Opinie
Ook over Bali mogen we niet zwijgen
Als we openheid willen geven over het Nederlandse koloniale verleden, moet zeker de Bali-expeditie in 1906 niet worden vergeten, stelt lezer Henk Vos
Het verleden van Nederlands-Indië blijft ter sprake komen. Oogkleppen weg, vindt Eduard Steinmetz (Opinie, 31 augustus). Het gaat in het debat echter nooit over Bali. Daar gaan heel wat Nederlanders naar toe, zonder de geschiedenis te kennen.
Op Bali zijn in 1906 meer dan duizend mannen, vrouwen en kinderen afgeslacht door Nederlands geweervuur (sommigen doodden zichzelf met hun kris). In die tijd was Bali nog niet geheel onder controle van de Nederlandse overheid. Belangrijker, er was in die regio een zeer lucratieve handel in opium. Nederland wilde die in handen krijgen.

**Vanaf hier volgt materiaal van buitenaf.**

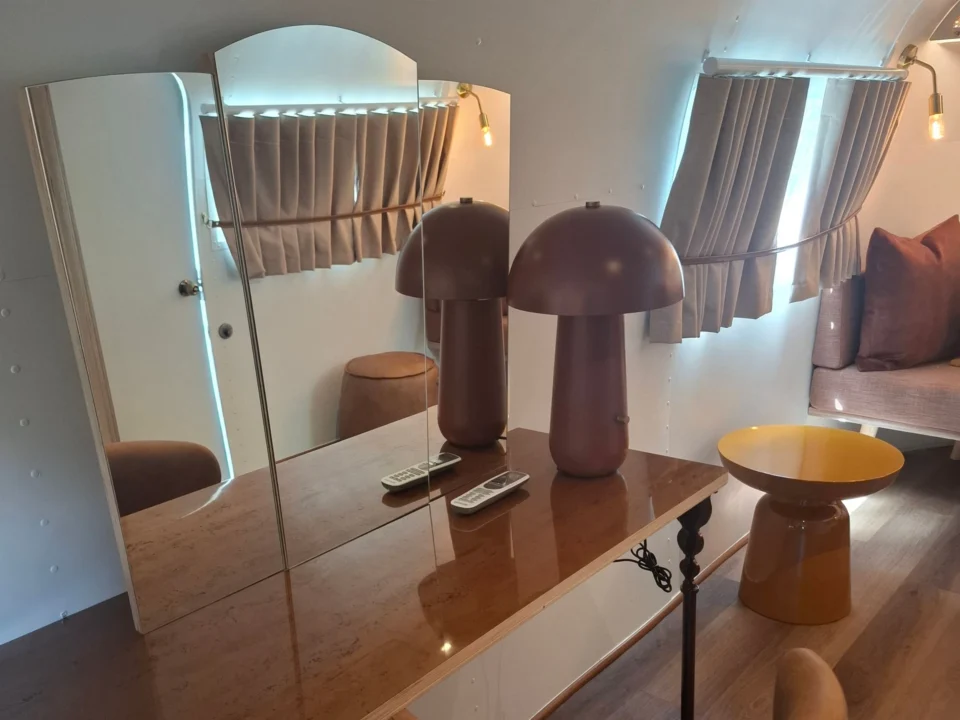 Sovereign 59: a glossy dressing table with a folding mirror, mushroom lamps and a leather chair, Old Mac Daddy, Elgin Valley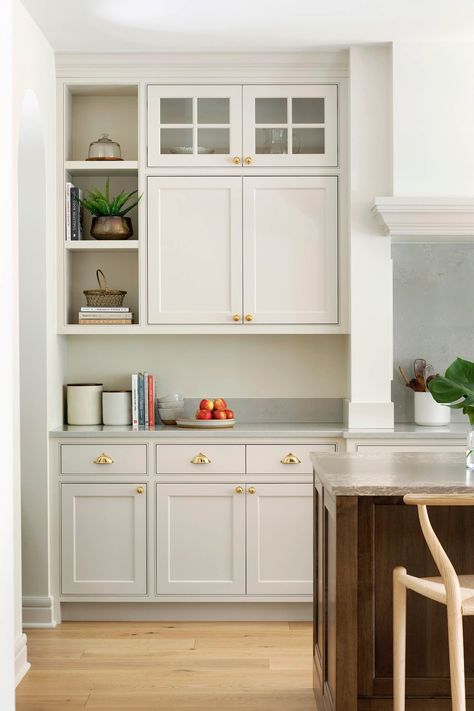 Inset custom cabinetry with brass cabinet hardware, open shelves, and light gray quartz countertops. Sherwin Williams Limewash, Jkath Design, Cabinetry Colors, Cabinet Trends, Inset Cabinetry, Kitchen Cabinet Trends, Cabinet Door Styles, Cabinet Paint Colors, Painted Kitchen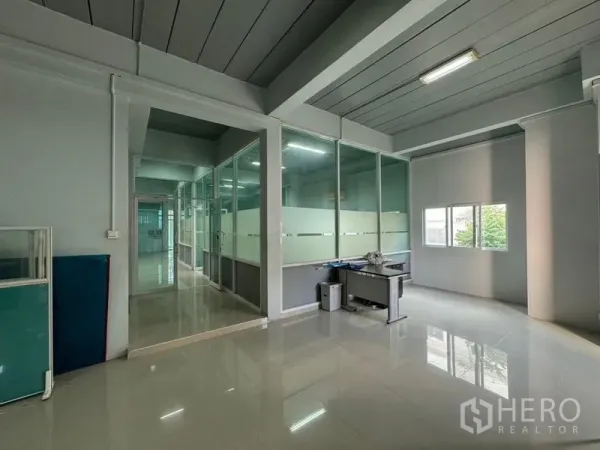 Warehouse for rent or sale in Chon Buri - Open-plan office area with frosted glass partitions, windows and a work desk.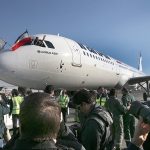 The pilot of Iran Air&rsquo;s new Airbus plane waves with an Iranian flag after landing at Mehrabad airport, in Tehran, Iran, on Thursday, Jan. 12. The first of 100 Airbus planes that Iran is expected to receive after its historic nuclear deal with world powers ended some sanctions landed on Thursday in the capital, Tehran. (AP Photo/Vahid Salemi)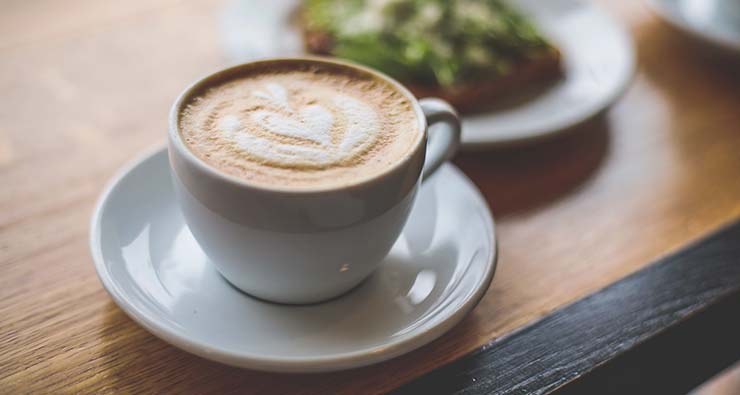 Närbild på frukost med en kopp cappuccino och ett fat med något grönt på.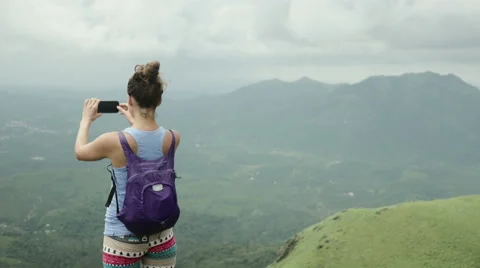Young hiker taking a photo from top of moutnain with smartphone Stock Footage 59679455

De directe aanleiding voor de uitbarsting van geweld was een conflict over het jutten van een gestrand schip. Nederland stuurde een gezantschap met zeer vernederende voorwaarden naar de vorst van Badung (nu Denpasar). De vorstelijke familie wist dat ze geen schijn van kans had tegen de Nederlanders: ze had geen kanonnen en vuurwapens.
Afgeslacht
De Balinezen waren niet bang voor de dood, wel voor gezichtsverlies. Ze besloten tot een puputan, een traditionele zelfmoordaanval. De hele koninklijke familie kleedde zich in haar mooiste staatsiegewaden en liep vanuit het paleis, met gouden krissen en speren in de hand, de Nederlandse soldaten tegemoet. Die hebben met hun geweervuur de hele familie afgeslacht. De tellingen van het aantal slachtoffers variëren tussen de 1000 en 3600. Meer details, inclusief foto's, zijn op internet te vinden.

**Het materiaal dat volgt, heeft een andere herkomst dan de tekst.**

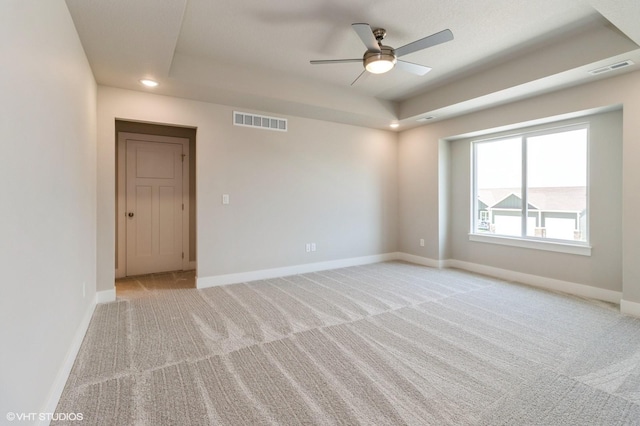 136 Creekside Dr, Bondurant, IA 50035 - unfurnished room with a raised ceiling, light carpet, ceiling fan, and recessed lighting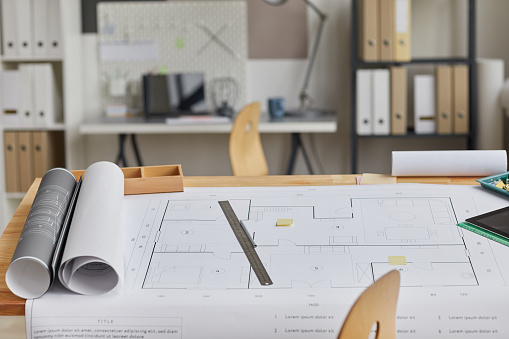 Background image of drawing table with blueprints and tools laid out in forground and architects workplace, copy space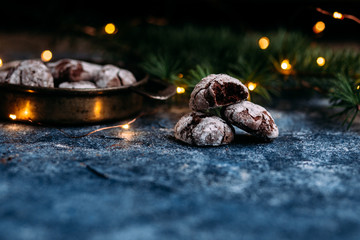 Chocolate Crinkle Cookies on a blue table. New Year, Christmas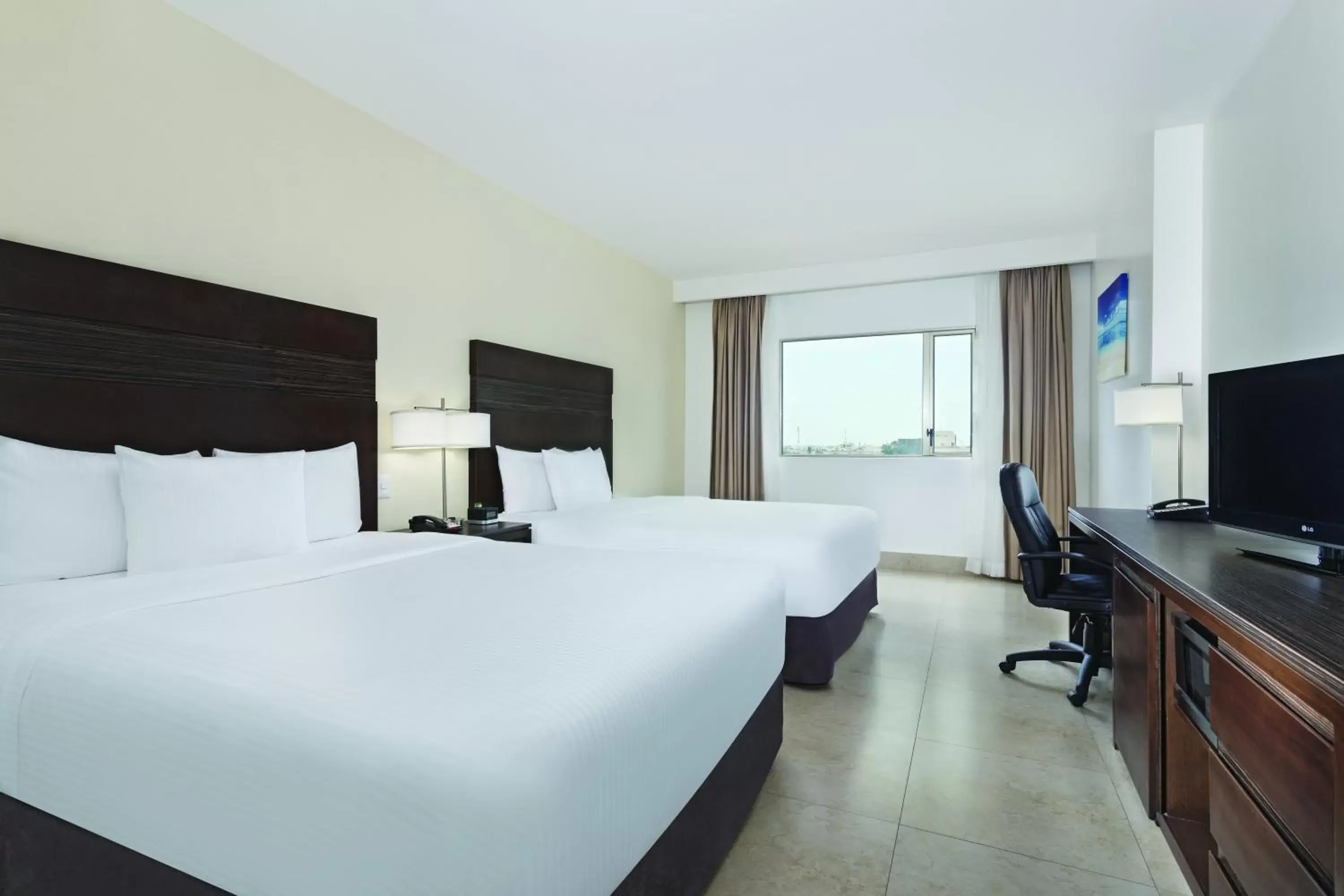 Photo of the whole room in Wyndham Garden Cancun Downtown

Er werden officiële verslagen van de gebeurtenissen naar Den Haag gestuurd. De Nederlandse overheid had hier geen enkele belangstelling voor. Eenzelfde puputan kon dan ook in 1908 plaatsvinden elders op Bali.
De Nederlanders begrepen de cultuur van de Indonesiërs niet en gingen nietsontziend te werk voor hun eigen belangen. Daardoor bestaan er nu nog maar weinig afstammelingen van de Balinese koninklijke families.
In Nederland moeten zich tientallen gouden krissen bevinden uit die periode, in musea. Wordt het niet tijd om die terug te geven? Voor krissen in particulier bezit geldt hetzelfde. Dat is beter dan ze als nachtrustverstorende elementen aan de muur te laten hangen. Ook al zijn er geen schuldigen meer in leven, in het Nederlandse collectieve onbewuste werken schaduwen van het verleden, die ons op onvoorspelbare wijze parten blijven spelen. Het doorbreken van de collectieve ontkenning kan hier genezend werken.